▸ **What the task asks**:
The records that follow are to be repeated exactly, with no pictures carried over.

= = = = =

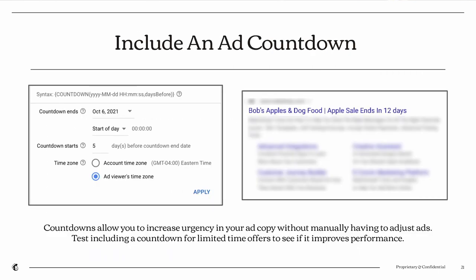Adding urgency to your copy is another effective tactic. You can use a countdown function in your headlines or descriptions, which lets Google dynamically count down the days before your promo ends. In your ad settings, enter the countdown syntax, specify your promo end date, and Google will count down automatically — set to either your business timezone or the user's timezone.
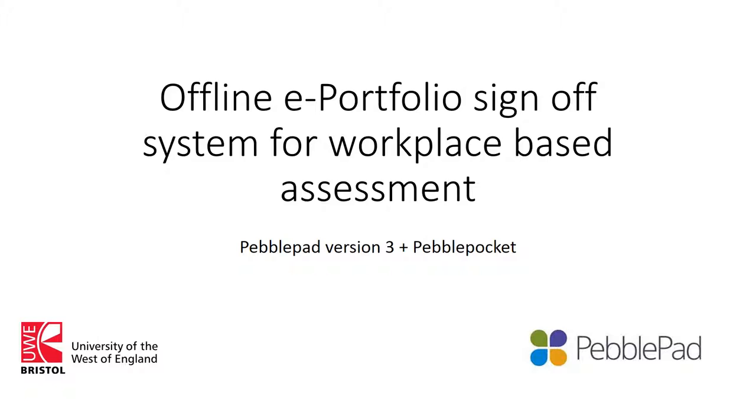So the system we're talking about is PebblePad version 3. There's been a couple of rollouts recently, but I still think it's nominally version 3 at the minute plus the app PebblePocket.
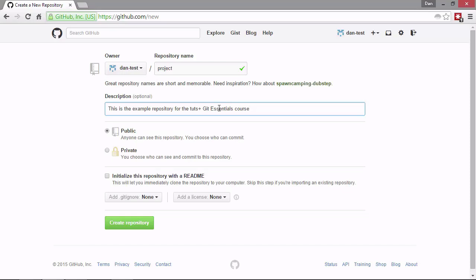But if we had a paid plan, we would have the option of creating a private repository if we wanted to. And then below this, we have quite an interesting section with a checkbox that says initialize this repository with a readme. When we do this, it means that we can clone the repository to our local computer and start working on it straight away without doing any other setup.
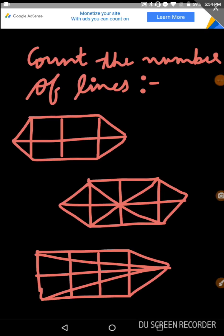Hello everyone. Today we will see a number of questions in which we will count the number of lines. Why should we count the number of lines? First of all, we need to count the horizontal lines or vertical lines. Then you can count the diagonal lines. After getting the horizontal then vertical, you can easily get the diagonal and get the answer.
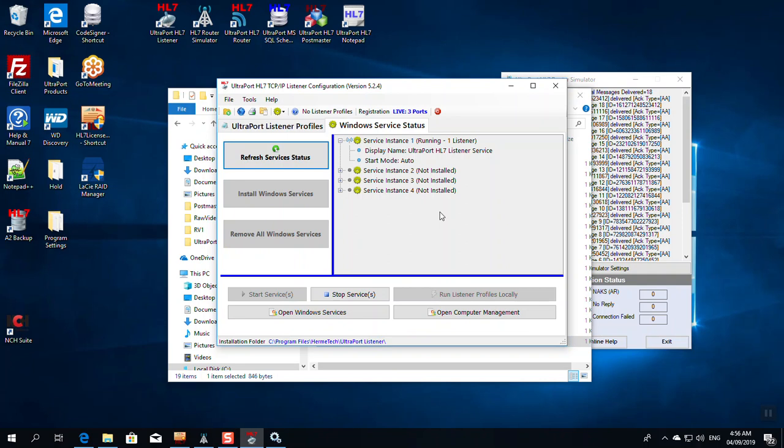And that is how easy it is to run the UltraPort listener, to set it up and configure it. From download to activate to configure to run, we have done it all in less than 15 minutes.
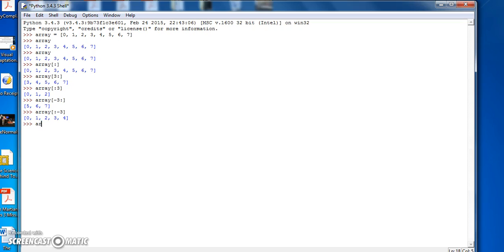I can go Array, let's say 1 to 5, and that'll print out the second, third, fourth, and fifth element of the Array.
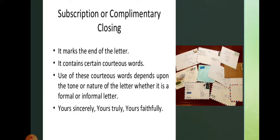The next component is the subscription, or complimentary closing. It marks the end of the letter and contains certain courteous words. The use of these courteous words depends upon the tone or nature of the letter — whether it is formal or informal. For a formal letter, you can write 'Yours sincerely,' 'Yours truly,' or 'Yours faithfully.' For informal personal letters written to close relatives or friends, you can write 'Yours lovingly.'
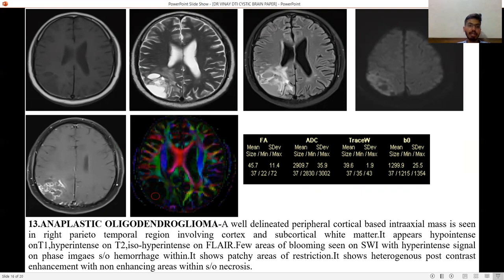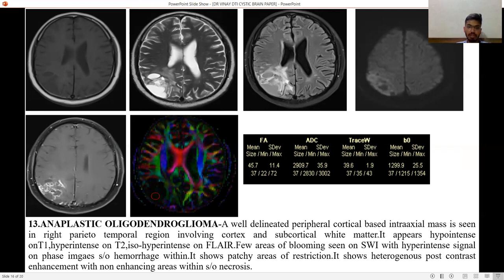Anaplastic oligodendroglioma — a well-delineated peripherally cortical-based intra-axial mass seen in the right parieto-temporal region, involving cortex and subcortical white matter. It appears hypointense on T1, hyperintense on T2, iso to hyperintense on FLAIR, with few areas of blooming on SWI suggestive of hemorrhage. It shows patchy areas of restriction and post-contrast heterogeneous enhancement with non-enhancing areas suggestive of necrosis.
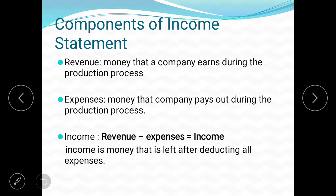Expenses are the money that the company pays out during the production process — pays to its employees, pays its bills, transportation costs, and a lot of other expenses incurred during production. And income is what you get when you subtract expenses from revenue — that income is there for the owner, the person who owns the company.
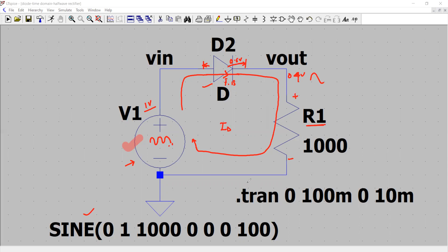If we have a 1 volt peak voltage, so 1 minus 0.6, approximately 0.4 volt, alternating in nature during the positive half cycle, will appear across this load resistor R1. And to do the transient analysis, we see that we have this dot tran command. We have seen this; please refer to previous model to understand the syntax of this command.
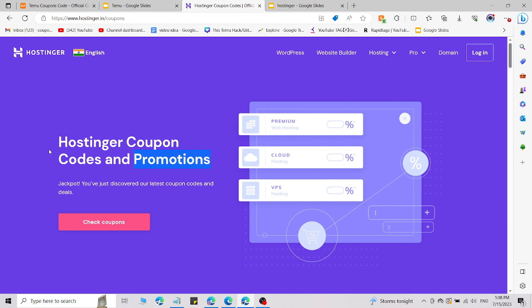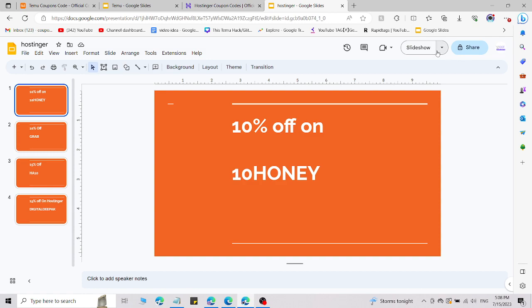Here are fresh working codes for Hostinger.com. You can easily access this Hostinger coupon code and promotions section from the given link in the description. Simply click on that link and use the promo codes.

= = = = =

▸ **Answer box**:
Adding urgency to your copy is another effective tactic. You can use a countdown function in your headlines or descriptions, which lets Google dynamically count down the days before your promo ends. In your ad settings, enter the countdown syntax, specify your promo end date, and Google will count down automatically — set to either your business timezone or the user's timezone.
So the system we're talking about is PebblePad version 3. There's been a couple of rollouts recently, but I still think it's nominally version 3 at the minute plus the app PebblePocket.
But if we had a paid plan, we would have the option of creating a private repository if we wanted to. And then below this, we have quite an interesting section with a checkbox that says initialize this repository with a readme. When we do this, it means that we can clone the repository to our local computer and start working on it straight away without doing any other setup.
Hello everyone. Today we will see a number of questions in which we will count the number of lines. Why should we count the number of lines? First of all, we need to count the horizontal lines or vertical lines. Then you can count the diagonal lines. After getting the horizontal then vertical, you can easily get the diagonal and get the answer.
And that is how easy it is to run the UltraPort listener, to set it up and configure it. From download to activate to configure to run, we have done it all in less than 15 minutes.
I can go Array, let's say 1 to 5, and that'll print out the second, third, fourth, and fifth element of the Array.
The next component is the subscription, or complimentary closing. It marks the end of the letter and contains certain courteous words. The use of these courteous words depends upon the tone or nature of the letter — whether it is formal or informal. For a formal letter, you can write 'Yours sincerely,' 'Yours truly,' or 'Yours faithfully.' For informal personal letters written to close relatives or friends, you can write 'Yours lovingly.'
Anaplastic oligodendroglioma — a well-delineated peripherally cortical-based intra-axial mass seen in the right parieto-temporal region, involving cortex and subcortical white matter. It appears hypointense on T1, hyperintense on T2, iso to hyperintense on FLAIR, with few areas of blooming on SWI suggestive of hemorrhage. It shows patchy areas of restriction and post-contrast heterogeneous enhancement with non-enhancing areas suggestive of necrosis.
Expenses are the money that the company pays out during the production process — pays to its employees, pays its bills, transportation costs, and a lot of other expenses incurred during production. And income is what you get when you subtract expenses from revenue — that income is there for the owner, the person who owns the company.
If we have a 1 volt peak voltage, so 1 minus 0.6, approximately 0.4 volt, alternating in nature during the positive half cycle, will appear across this load resistor R1. And to do the transient analysis, we see that we have this dot tran command. We have seen this; please refer to previous model to understand the syntax of this command.
Here are fresh working codes for Hostinger.com. You can easily access this Hostinger coupon code and promotions section from the given link in the description. Simply click on that link and use the promo codes.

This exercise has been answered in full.